By Ron Clarke
For residents of Canada with disabilities there is a multitude of specific government benefits, credits and plans, or enhancements to regular benefits, credits and plans.
In order to qualify and receive these, most require a Canada Revenue Agency (CRA) approved Disability Tax Credit (DTC).
The DTC is a detailed application made on the T2201 CRA form requiring a medical doctor’s input.
To quote CRA, the person must have a “severe and prolonged impairment” affecting “activities of daily living” as compared to the average person.
And this form has to be signed by the doctor.
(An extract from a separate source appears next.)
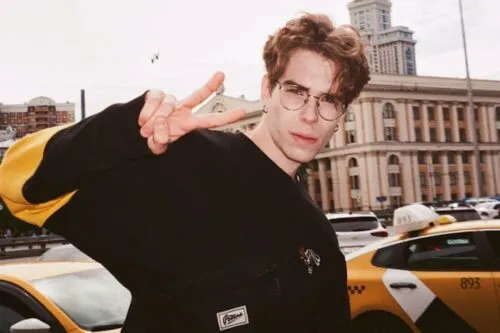 Что случилось с MC Сенечкой? Рэпер прославился 6 лет назад, а теперь клянчит деньги на хостел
In certain cases, detailed letters from various health professionals may suffice for some of the tax aids available to persons with disabilities. Having said this, it is best to pursue a DTC.
With an approved DTC, available for tax return filings is a $8,576 non-refundable credit to the disabled person, or if not needed, the credit can be transferred to a spouse or in some cases a caregiver.
For a person under 18, the DTC is increased $5,003.
In the case of a disabled child, the parent or caregiver is able to claim the DTC for the child plus claim the child’s associated qualified medical expenses. Also, enhanced child care expenses can be claimed, and the Canada Child Benefit is topped up.
Some other tax return aids include the ability to claim expenses incurred to make a home accessible to the disabled person, both from the federal and the BC governments. Or in the case of purchasing a home, there is a Disability Home Purchase Credit and if an RRSP is used to set up a Home Buyer’s Plan, the use of that plan is enhanced.
Regarding a tax return medical claim, attendant care expenses can be claimed whether living at home or in an accredited nursing home, and for living in a nursing home, the associated expenses for living there can be claimed as a medical expense.
Depending on level of earned income, the Canada Workers Benefit is enhanced for a disabled person.
And on the employment front, there are non-taxable benefits paid by an employer such as transportation and parking.
CRA allows deductions for needed supports that enable a disabled person to work or study.
Further, the government offers an enhancement to a Registered Education Savings Plan, and for a Life Long Learning Plan set up within an RRSP Plan, there are exceptions to the rules to aid a disabled person.
Additionally, there are plans exclusive to a disabled person including the Registered Disability Savings Plan, and the Canada Disability Savings Grant and Savings Bond Plans.
An option also exists to establish a Qualified Disability Trust for those with severe disability, yielding accountable control of income and expenses.
CRA taxes this trust at lower rates than other personal trusts.
Speaking of taxation, topical for this tax season in particular, any COVID payment received that is specific to a disability is tax free.
Ron Clarke is owner of JBS Business Services in Trail, providing accounting and tax services.